### What is being asked
For the records below, output word for word the lines from the one with "Audi Q7 55 TFSI" up to and including the one with "2nd image of 700 E Amelia St". No pictures.

### Data records

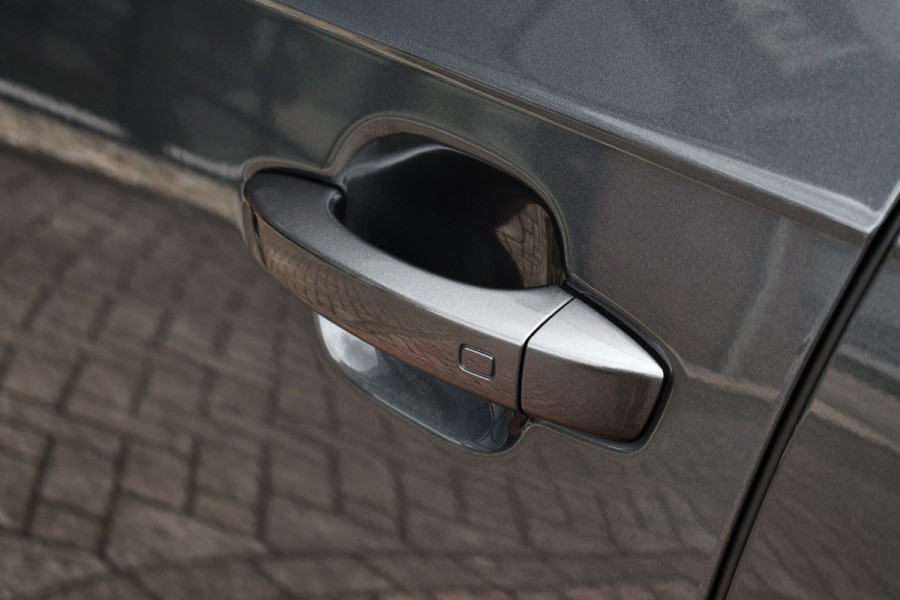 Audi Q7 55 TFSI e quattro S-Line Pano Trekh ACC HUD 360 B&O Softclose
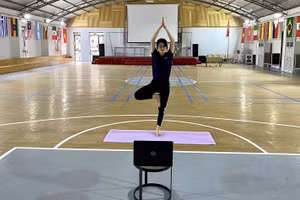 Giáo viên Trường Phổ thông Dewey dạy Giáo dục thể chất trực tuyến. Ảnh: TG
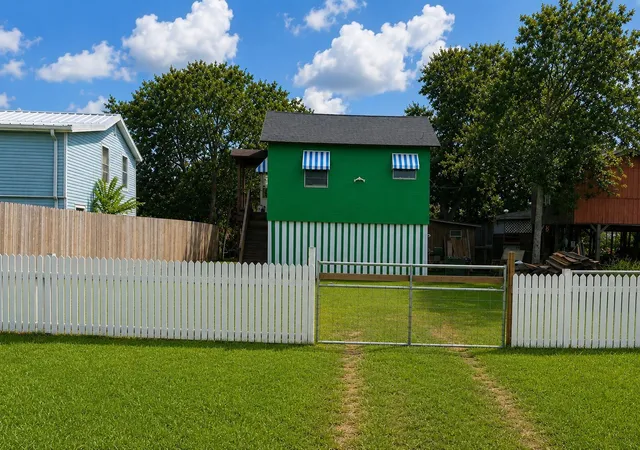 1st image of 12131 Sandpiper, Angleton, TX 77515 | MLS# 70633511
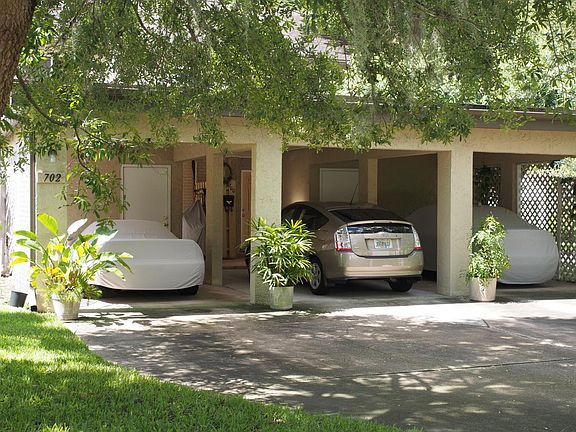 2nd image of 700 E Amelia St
--
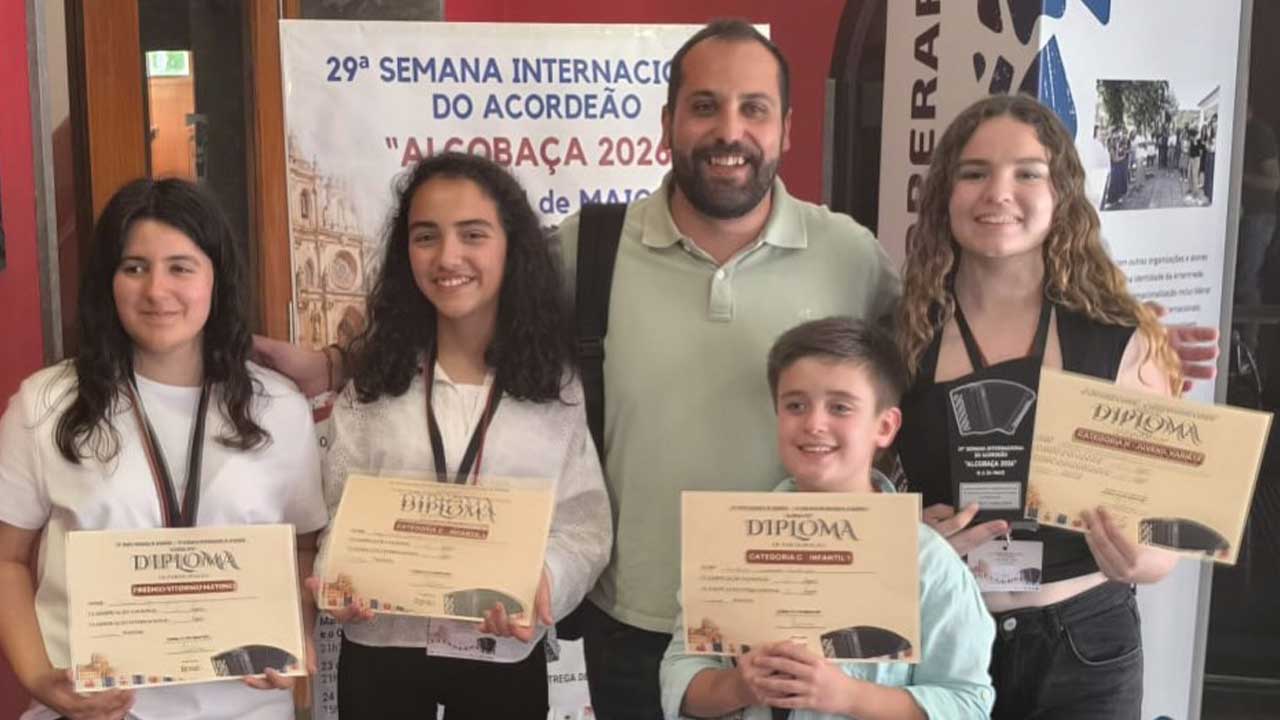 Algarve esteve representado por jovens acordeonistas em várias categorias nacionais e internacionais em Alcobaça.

### Response to the exercise
 Audi Q7 55 TFSI e quattro S-Line Pano Trekh ACC HUD 360 B&O Softclose
 Giáo viên Trường Phổ thông Dewey dạy Giáo dục thể chất trực tuyến. Ảnh: TG
 1st image of 12131 Sandpiper, Angleton, TX 77515 | MLS# 70633511
 2nd image of 700 E Amelia St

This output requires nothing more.